Exercise details: As the answer, return precisely the lines from the one containing "Pile of nuts." to the final line of the material below, inclusive, and omit every picture.

Information shown:
======
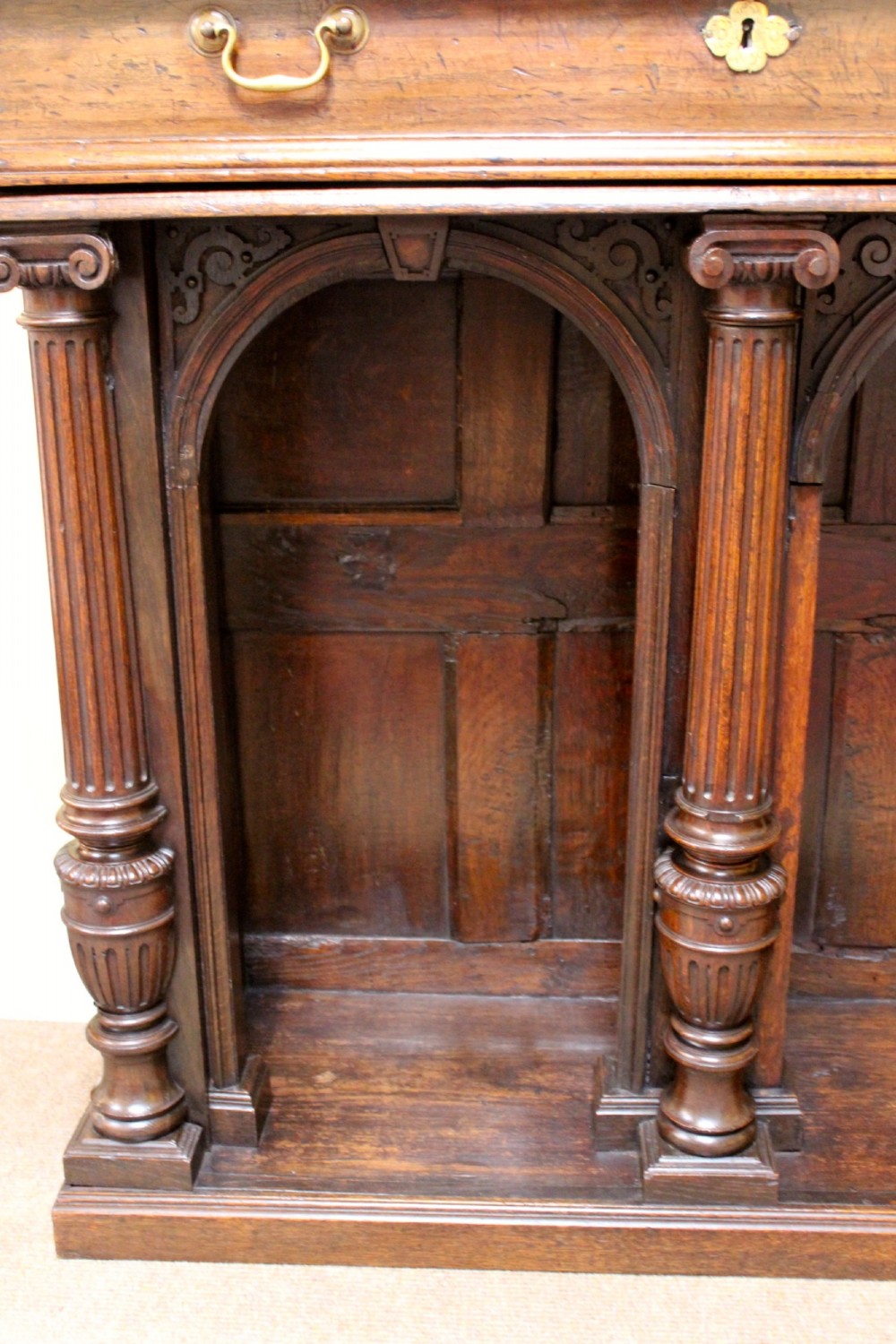 An 18th-century dark oak side table featuring a single top drawer with brass handles above twin open arched bays framed by fluted columns. View VII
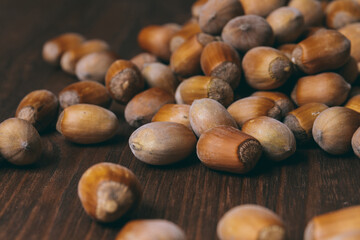Pile of nuts. Whole nuts. Hazelnuts. Corylus avellana. Macro photo, close up, on dark wooden background.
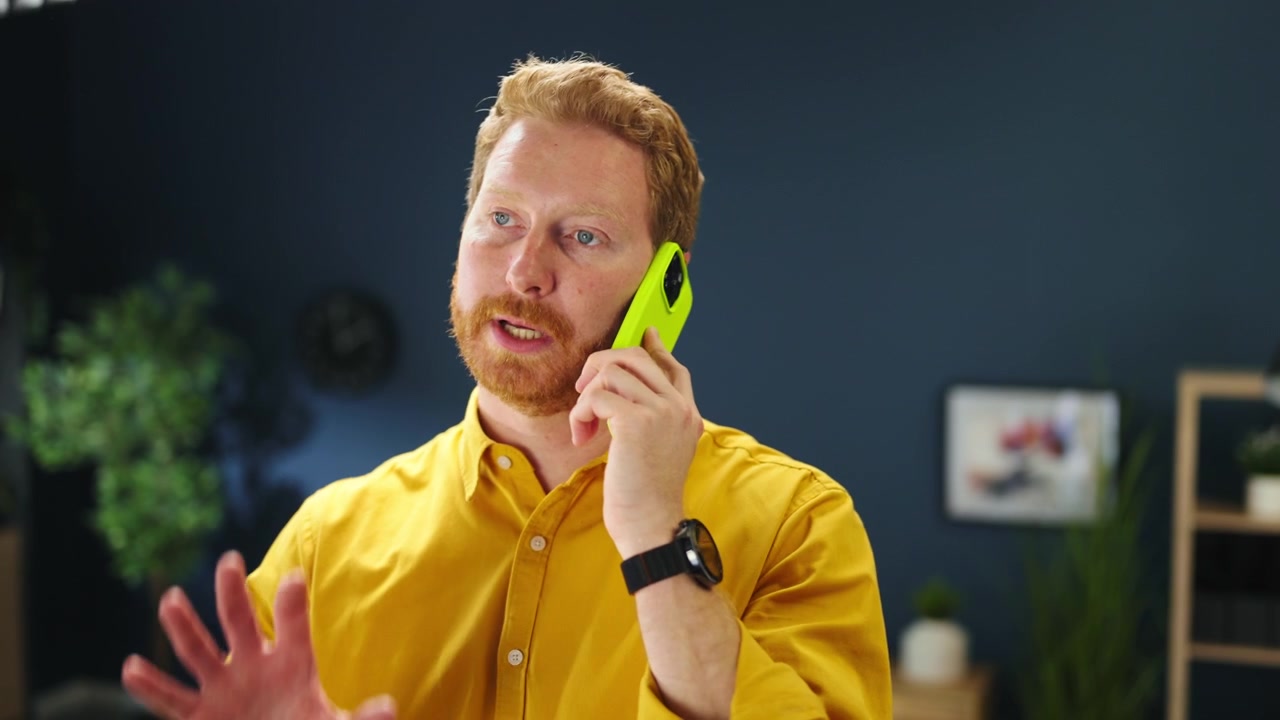 Uomo dai capelli rossi che parla allo smartphone in un ufficio moderno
======
Result of this task:
Pile of nuts. Whole nuts. Hazelnuts. Corylus avellana. Macro photo, close up, on dark wooden background.
 Uomo dai capelli rossi che parla allo smartphone in un ufficio moderno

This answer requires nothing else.